Gli studi sugli incidenti che hanno coinvolto gli ostaggi indicano che la sindrome di Stoccolma sembra essere più probabile quando gli individui sono tenuti prigionieri per diversi giorni e hanno uno stretto contatto con i loro rapitori. In genere questi individui non subiscono danni dai loro rapitori e possono persino essere trattati con gentilezza. Una persona che sviluppa la sindrome di Stoccolma spesso sperimenta sintomi di stress post-traumatico: incubi, insonnia, flashback, tendenza a spaventarsi facilmente, confusione e difficoltà a fidarsi degli altri.
Da un punto di vista psicologico, questo fenomeno può essere inteso come un meccanismo di sopravvivenza. In effetti, alcuni esperti possono addirittura incoraggiare chi si trova in una situazione di ostaggio a comportarsi come se stesse vivendo la sindrome di Stoccolma per migliorare le proprie possibilità di sopravvivenza, in quanto un legame con il carnefice può potenzialmente rendere la situazione più sopportabile per la vittima e può rendere i rapitori più inclini a soddisfare i bisogni primari del prigioniero.

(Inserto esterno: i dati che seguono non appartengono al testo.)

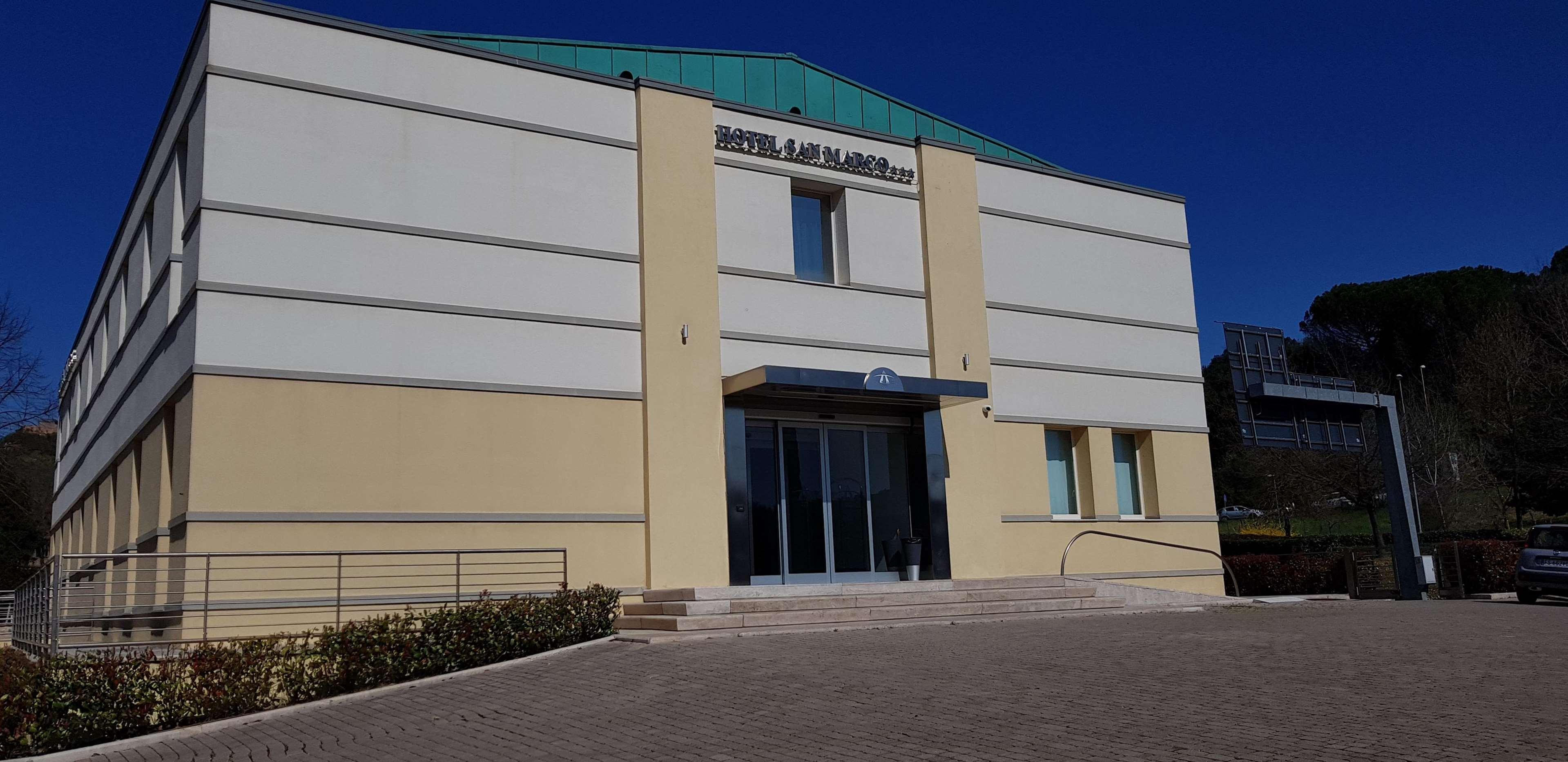 Best Western Hotel San Marco Siena Luaran gambar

I ricercatori sono generalmente concordi nel ritenere che un ostaggio affetto da sindrome di Stoccolma sviluppi sentimenti positivi verso il sequestratore e negativi verso la polizia. È probabile che anche i sequestratori/capitani provino sentimenti positivi nei confronti degli ostaggi.
Anna Freud ha descritto per la prima volta qualcosa di simile alla sindrome di Stoccolma parlando dell’identificazione con l’aggressore, ovvero del tentativo di affrontare la paura trasformandosi da persona minacciata a persona minacciante. Freud lo considerava un meccanismo di difesa che poteva dare un senso di potere in una situazione altrimenti terrificante.

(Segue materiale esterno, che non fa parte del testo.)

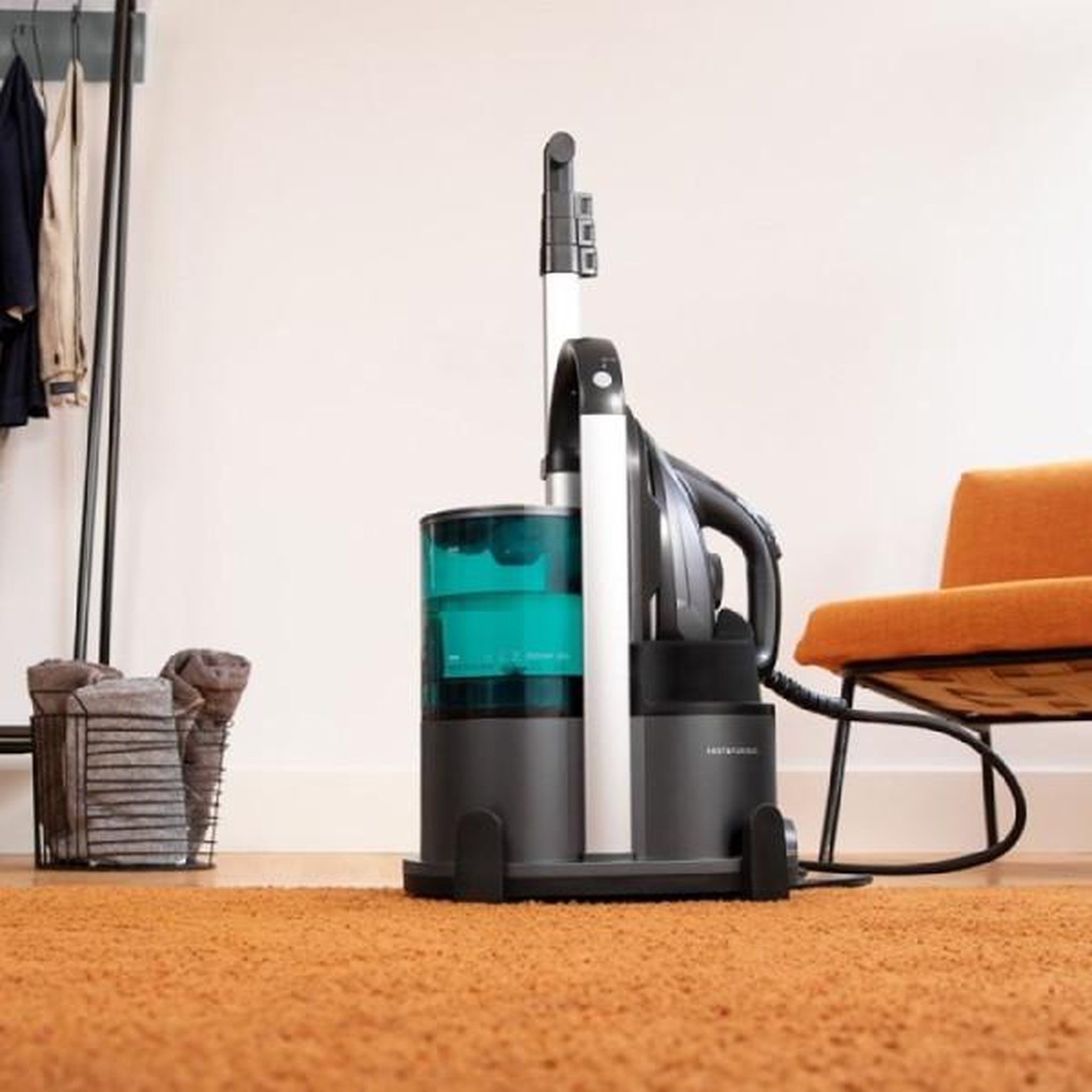 Voir la diapositive 4 : CECOTEC Centrale vapeur Cecotec 8435484055963 ultrapuissante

Molti medici professionisti considerano i sentimenti positivi della vittima nei confronti dell’abusante una risposta psicologica – un meccanismo di coping – che la vittima utilizza per sopravvivere ai giorni, alle settimane o addirittura agli anni del trauma o dell’abuso. Altre condizioni psicologiche strettamente collegate sono:
Questa condizione prende il nome da una rapina in banca avvenuta nel 1973 a Stoccolma, in Svezia. Durante i sei giorni di stallo con la polizia, molti dei dipendenti della banca prigionieri divennero solidali con i rapinatori. Dopo essere stati liberati, alcuni dipendenti della banca si rifiutarono di testimoniare contro i rapinatori in tribunale e raccolsero persino fondi per la loro difesa.
Un criminologo e uno psichiatra che indagarono sull’evento svilupparono il termine “sindrome di Stoccolma” per descrivere l’affinità che alcuni dipendenti della banca mostrarono verso i rapinatori. Quali sono i sintomi della sindrome di Stoccolma? Le persone che soffrono della sindrome di Stoccolma hanno:
I ricercatori non sanno perché alcuni prigionieri sviluppino la sindrome di Stoccolma e altri no. Una teoria è che si tratti di una tecnica appresa e tramandata dai nostri antenati. Nelle prime civiltà c’era sempre il rischio di essere catturati o uccisi da un altro gruppo sociale. Il legame con i rapitori aumentava le possibilità di sopravvivenza. Alcuni psichiatri evoluzionisti ritengono che questa tecnica ancestrale sia un tratto naturale dell’uomo.
Un’altra teoria è che una situazione di prigionia o di abuso sia altamente carica di emozioni. Le persone adattano i loro sentimenti e iniziano ad avere compassione per il loro abusatore quando, col tempo, gli viene mostrata un po’ di gentilezza. Inoltre, collaborando e non lottando contro un abusante, le vittime possono garantirsi la sicurezza. Quando non viene fatto del male al maltrattante, la vittima può sentirsi grata e persino considerare l’abuso come un’occasione di crescita.